• Data in this exercise
::::::

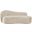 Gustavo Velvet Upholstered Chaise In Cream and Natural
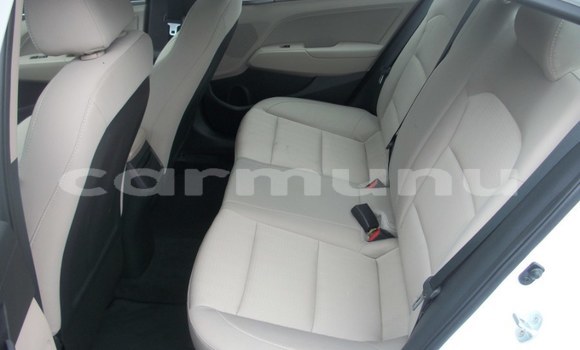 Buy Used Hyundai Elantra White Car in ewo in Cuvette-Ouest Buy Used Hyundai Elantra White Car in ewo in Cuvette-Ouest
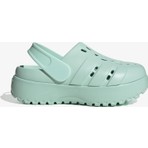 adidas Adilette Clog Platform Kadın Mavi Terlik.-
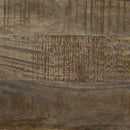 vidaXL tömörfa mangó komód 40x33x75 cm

::::::

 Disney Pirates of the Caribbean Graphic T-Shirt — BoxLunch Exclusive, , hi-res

::::::

• Aim of the task
Everything above from the line containing "Buy Used Hyundai Elantra White Car in ewo in Cuvette-Ouest Buy" through the line containing "vidaXL tömörfa mangó komód 40x33x75 cm" must be repeated exactly, and the pictures must be left out.

• Result for this exercise
 Buy Used Hyundai Elantra White Car in ewo in Cuvette-Ouest Buy Used Hyundai Elantra White Car in ewo in Cuvette-Ouest
 adidas Adilette Clog Platform Kadın Mavi Terlik.-
 vidaXL tömörfa mangó komód 40x33x75 cm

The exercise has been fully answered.